Doch im grünen Kopf ist für die deutsche Industrie kein Platz mehr. Unternehmen und Verkehr sollen „konsequent auf grünes Wirtschaften und grüne Technologien“ umgestellt werden. „Unverzüglich“ sollen 20 Kohlekraftwerke vom Netz gehen. Die restlichen innerhalb der nächsten 20 Jahre – „unumkehrbar“. Was mit den Zehntausenden Beschäftigten geschehen soll, steht in dem Programm nicht, außer der inflationär verwendeten Parole, man werde sich „um gute soziale Absicherung“ kümmern.

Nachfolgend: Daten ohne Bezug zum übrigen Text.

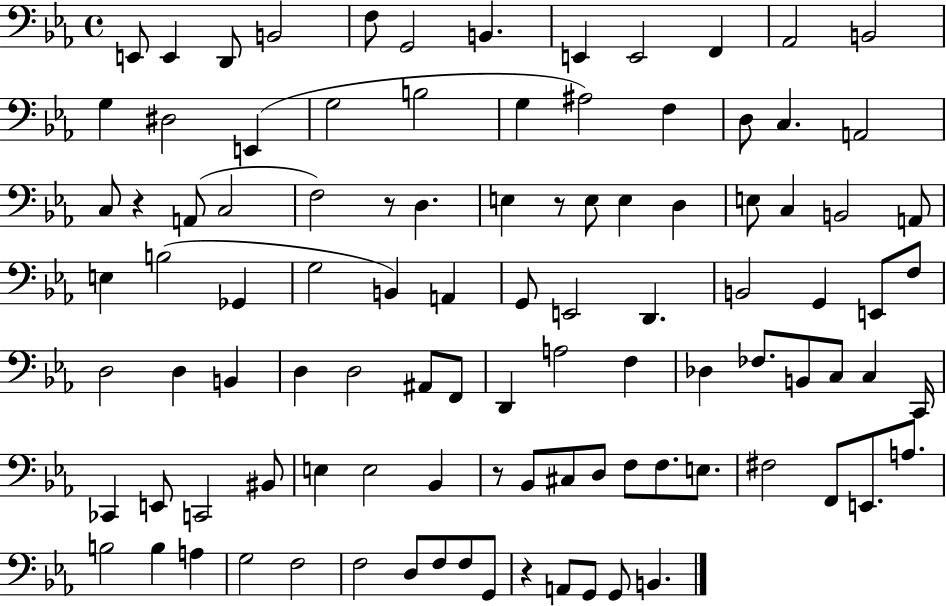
X:1
T:Untitled
M:4/4
L:1/4
K:Eb
E,,/2 E,, D,,/2 B,,2 F,/2 G,,2 B,, E,, E,,2 F,, _A,,2 B,,2 G, ^D,2 E,, G,2 B,2 G, ^A,2 F, D,/2 C, A,,2 C,/2 z A,,/2 C,2 F,2 z/2 D, E, z/2 E,/2 E, D, E,/2 C, B,,2 A,,/2 E, B,2 _G,, G,2 B,, A,, G,,/2 E,,2 D,, B,,2 G,, E,,/2 F,/2 D,2 D, B,, D, D,2 ^A,,/2 F,,/2 D,, A,2 F, _D, _F,/2 B,,/2 C,/2 C, C,,/4 _C,, E,,/2 C,,2 ^B,,/2 E, E,2 _B,, z/2 _B,,/2 ^C,/2 D,/2 F,/2 F,/2 E,/2 ^F,2 F,,/2 E,,/2 A,/2 B,2 B, A, G,2 F,2 F,2 D,/2 F,/2 F,/2 G,,/2 z A,,/2 G,,/2 G,,/2 B,,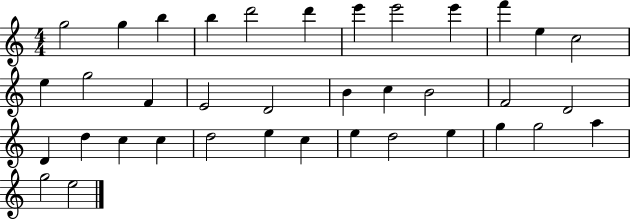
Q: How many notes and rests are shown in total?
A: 37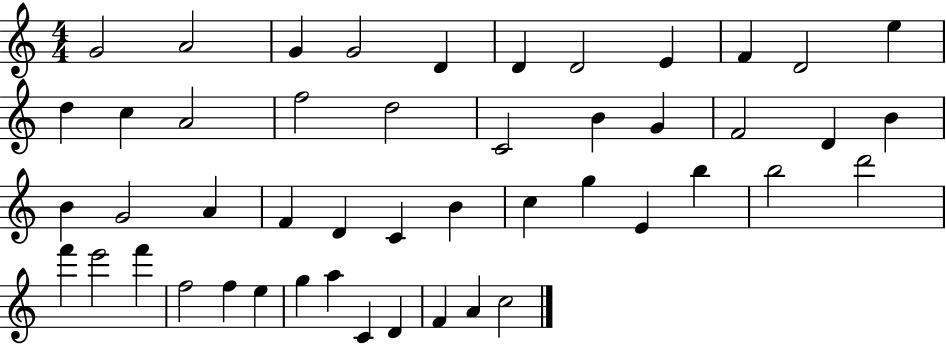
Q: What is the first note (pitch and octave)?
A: G4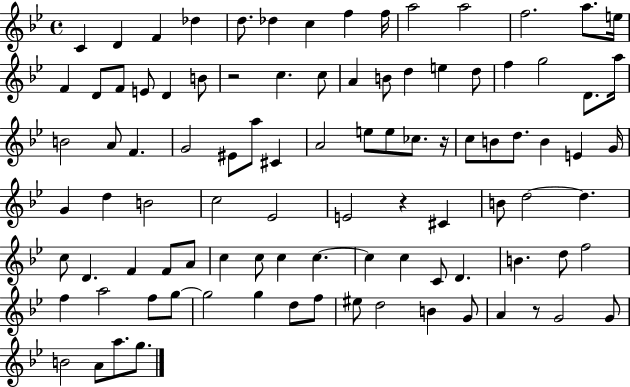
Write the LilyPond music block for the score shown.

{
  \clef treble
  \time 4/4
  \defaultTimeSignature
  \key bes \major
  \repeat volta 2 { c'4 d'4 f'4 des''4 | d''8. des''4 c''4 f''4 f''16 | a''2 a''2 | f''2. a''8. e''16 | \break f'4 d'8 f'8 e'8 d'4 b'8 | r2 c''4. c''8 | a'4 b'8 d''4 e''4 d''8 | f''4 g''2 d'8. a''16 | \break b'2 a'8 f'4. | g'2 eis'8 a''8 cis'4 | a'2 e''8 e''8 ces''8. r16 | c''8 b'8 d''8. b'4 e'4 g'16 | \break g'4 d''4 b'2 | c''2 ees'2 | e'2 r4 cis'4 | b'8 d''2~~ d''4. | \break c''8 d'4. f'4 f'8 a'8 | c''4 c''8 c''4 c''4.~~ | c''4 c''4 c'8 d'4. | b'4. d''8 f''2 | \break f''4 a''2 f''8 g''8~~ | g''2 g''4 d''8 f''8 | eis''8 d''2 b'4 g'8 | a'4 r8 g'2 g'8 | \break b'2 a'8 a''8. g''8. | } \bar "|."
}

Würde sich das grüne Spitzenduo Cem Özdemir und Katrin Göring-Eckardt mehr mit realen Zahlen denn mit „Gender Pay Gap“ oder Queer-Theorie beschäftigen, wüßte es auch, daß Kohlestrom 40 Prozent vom Gesamtverbrauch ausmacht. Die Grünen wollen allerdings nicht nur die Kohle beerdigen, sondern faktisch mehrere wichtige Industriezweige wie die Chemie-, Metall- und Papierindustrie gleich mit ins Grab stoßen. Denn die sind auf eine sichere Energieversorgung angewiesen. Aber böser Strom macht an Grenzen bekanntlich nicht halt. Ginge es nach der ideologischen Verbotspartei, müßten deutsche Haushalte auf Atomstrom aus Frankreich oder Kohlestrom aus Polen oder Tschechien künftig verzichten.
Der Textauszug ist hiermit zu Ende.